FIG. 2 is a block diagram showing another embodiment of the voice input device according to the present invention.
[Explanation of symbols]
DESCRIPTION OF SYMBOLS 101 ... Voice input means, 102 ... Voice recognition means, 103 ... Result output means, 104 ... Recognition result output means, 105 ... Recognition object generation means, 106 ... Basic recognition object dictionary, 107 ... Correction term dictionary

Claims

Input means for inputting a voice,
A recording means for recording a basic recognition target dictionary for storing at least numbers and a correction dictionary for recording operators as correction terms;
Recognition means for recognizing the input speech using the basic recognition target dictionary and the correction dictionary ;
Output means for outputting the recognition result of the input speech;
Have
The input means, when the numbers of the recognition result is incorrect recognition, receives the correct input words indicated mathematical operations specific differences of the correct numbers as the mis-recognized number in combination with the operators and numbers,
The recognition means recognizes the number and operator of the correction input, and the final result is a number obtained by performing an operation using the operator on the number of the recognition result and the recognized correction input number.

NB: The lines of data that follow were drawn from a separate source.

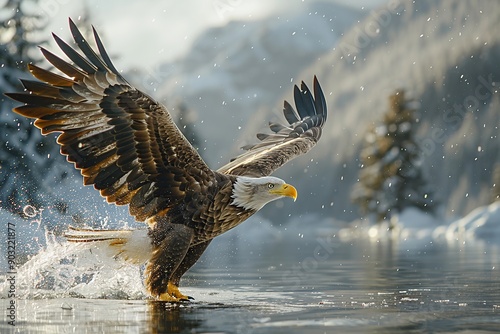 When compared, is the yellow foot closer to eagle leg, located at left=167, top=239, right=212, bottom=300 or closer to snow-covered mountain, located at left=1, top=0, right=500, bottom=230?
eagle leg, located at left=167, top=239, right=212, bottom=300

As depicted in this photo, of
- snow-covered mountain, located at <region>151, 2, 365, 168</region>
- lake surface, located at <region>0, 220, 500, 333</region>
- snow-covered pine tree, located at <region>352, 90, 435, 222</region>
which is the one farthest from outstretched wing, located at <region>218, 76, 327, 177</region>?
snow-covered mountain, located at <region>151, 2, 365, 168</region>

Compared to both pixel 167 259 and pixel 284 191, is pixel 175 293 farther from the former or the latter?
pixel 284 191

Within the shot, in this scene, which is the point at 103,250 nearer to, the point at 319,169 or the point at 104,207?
the point at 104,207

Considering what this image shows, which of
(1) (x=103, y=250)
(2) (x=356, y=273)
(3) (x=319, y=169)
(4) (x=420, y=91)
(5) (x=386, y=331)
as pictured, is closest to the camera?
(5) (x=386, y=331)

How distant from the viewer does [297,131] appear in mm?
13172

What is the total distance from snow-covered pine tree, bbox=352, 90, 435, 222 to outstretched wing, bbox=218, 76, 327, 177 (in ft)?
98.2

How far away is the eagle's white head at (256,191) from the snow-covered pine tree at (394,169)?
3406 cm

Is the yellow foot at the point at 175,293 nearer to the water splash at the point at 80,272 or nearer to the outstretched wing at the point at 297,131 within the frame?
the water splash at the point at 80,272

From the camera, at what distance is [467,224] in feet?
113

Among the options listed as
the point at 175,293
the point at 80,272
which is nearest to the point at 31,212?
the point at 80,272

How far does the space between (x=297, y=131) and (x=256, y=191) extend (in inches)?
158

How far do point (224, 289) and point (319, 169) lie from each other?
70.8 metres

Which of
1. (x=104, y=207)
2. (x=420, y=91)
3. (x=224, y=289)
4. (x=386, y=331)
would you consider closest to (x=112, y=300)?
(x=224, y=289)

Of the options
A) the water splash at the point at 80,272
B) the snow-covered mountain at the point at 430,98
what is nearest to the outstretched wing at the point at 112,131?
the water splash at the point at 80,272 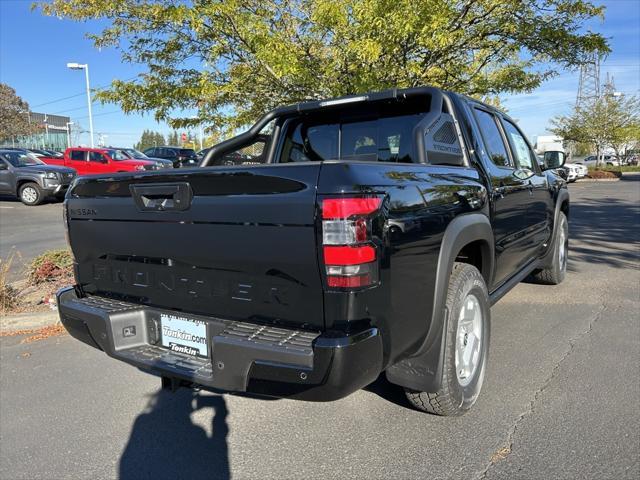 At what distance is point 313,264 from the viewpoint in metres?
2.11

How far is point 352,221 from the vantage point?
2.04 m

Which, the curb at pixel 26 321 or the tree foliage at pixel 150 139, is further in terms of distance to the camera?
the tree foliage at pixel 150 139

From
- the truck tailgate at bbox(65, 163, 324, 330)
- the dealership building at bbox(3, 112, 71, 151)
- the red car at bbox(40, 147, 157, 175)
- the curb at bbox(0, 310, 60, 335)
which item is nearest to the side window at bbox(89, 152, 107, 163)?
the red car at bbox(40, 147, 157, 175)

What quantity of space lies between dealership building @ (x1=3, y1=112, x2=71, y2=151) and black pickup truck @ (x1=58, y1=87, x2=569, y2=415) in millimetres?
53987

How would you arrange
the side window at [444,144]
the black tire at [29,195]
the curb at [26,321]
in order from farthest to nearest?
the black tire at [29,195], the curb at [26,321], the side window at [444,144]

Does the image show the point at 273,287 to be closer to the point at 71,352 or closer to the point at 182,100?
the point at 71,352

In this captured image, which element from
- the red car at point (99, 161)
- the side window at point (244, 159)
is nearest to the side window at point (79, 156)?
the red car at point (99, 161)

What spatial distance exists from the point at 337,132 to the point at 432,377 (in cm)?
206

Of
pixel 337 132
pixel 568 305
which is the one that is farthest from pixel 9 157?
pixel 568 305

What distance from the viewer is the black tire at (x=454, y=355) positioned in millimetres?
2744

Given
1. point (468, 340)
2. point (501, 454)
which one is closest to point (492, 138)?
point (468, 340)

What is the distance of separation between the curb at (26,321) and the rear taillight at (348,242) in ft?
13.2

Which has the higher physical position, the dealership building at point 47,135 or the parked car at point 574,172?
the dealership building at point 47,135

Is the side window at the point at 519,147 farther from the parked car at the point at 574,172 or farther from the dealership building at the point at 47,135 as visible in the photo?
the dealership building at the point at 47,135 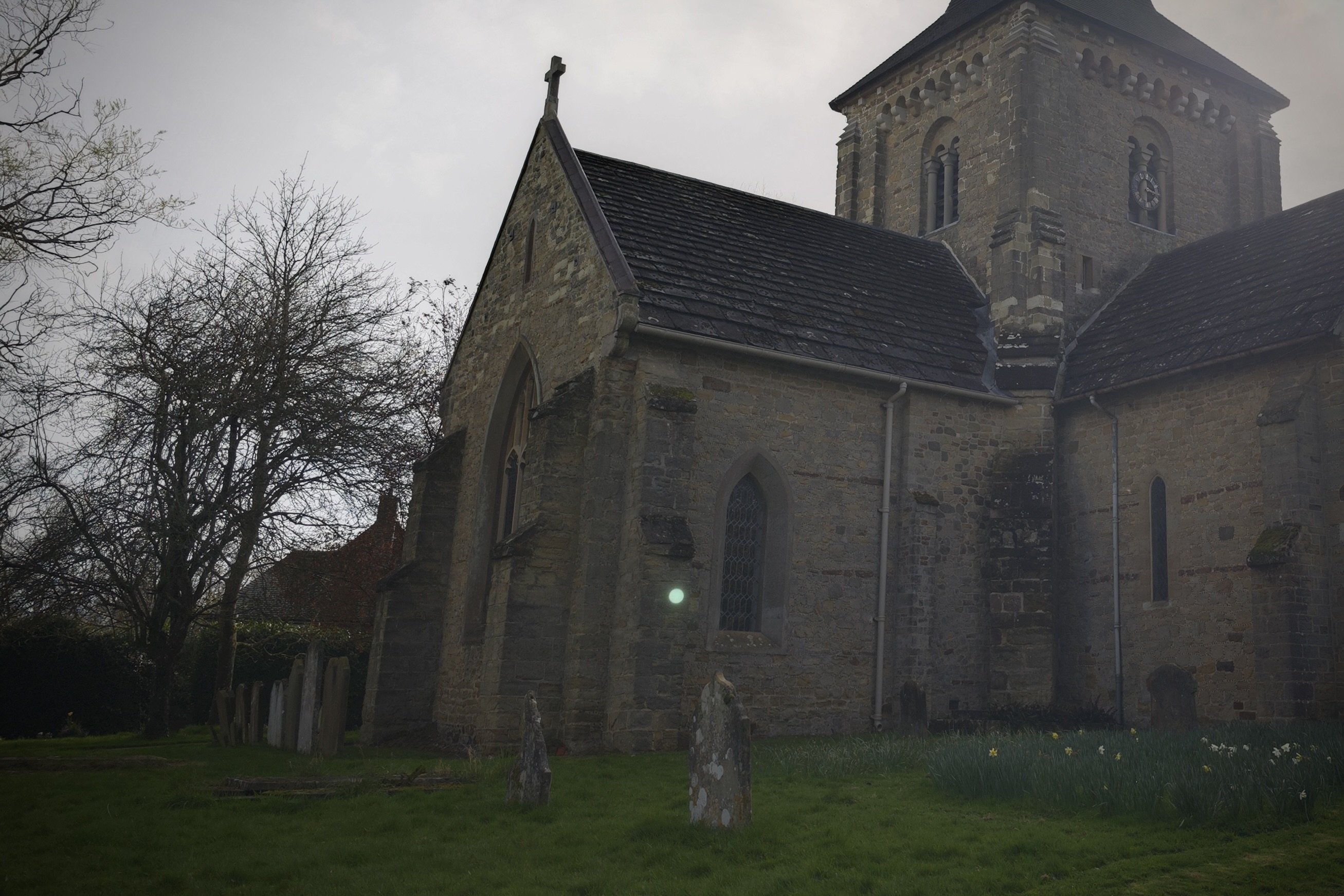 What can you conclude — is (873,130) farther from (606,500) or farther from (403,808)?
(403,808)

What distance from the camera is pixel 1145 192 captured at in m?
23.2

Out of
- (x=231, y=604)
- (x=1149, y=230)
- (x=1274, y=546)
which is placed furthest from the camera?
(x=1149, y=230)

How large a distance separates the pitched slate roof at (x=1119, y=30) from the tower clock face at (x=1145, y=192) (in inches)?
113

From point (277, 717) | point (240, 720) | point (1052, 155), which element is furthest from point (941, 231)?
point (240, 720)

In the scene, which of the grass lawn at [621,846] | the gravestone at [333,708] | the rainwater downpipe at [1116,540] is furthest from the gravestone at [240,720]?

A voice input device for outputting.

An input means for inputting voice;
A recording means for recording a basic recognition target dictionary for storing at least numbers and a correction dictionary for recording operators as correction terms;
Recognition means for recognizing the input speech using the basic recognition target dictionary and the correction dictionary;
A voice input method executed in a voice input device having output means for outputting a recognition result of the input voice,
When the number of the recognition result output is incorrect, correction of a phrase indicating a mathematical arithmetic difference between the number of the recognition result and the correct number by a combination of the operator and the number via the input means Receiving input,
Recognize the correction input number and operator using the recognition means,
A speech input method, wherein a number obtained by performing an operation using the operator on the number of the erroneous recognition result and the recognized number of corrected input is output as a final result.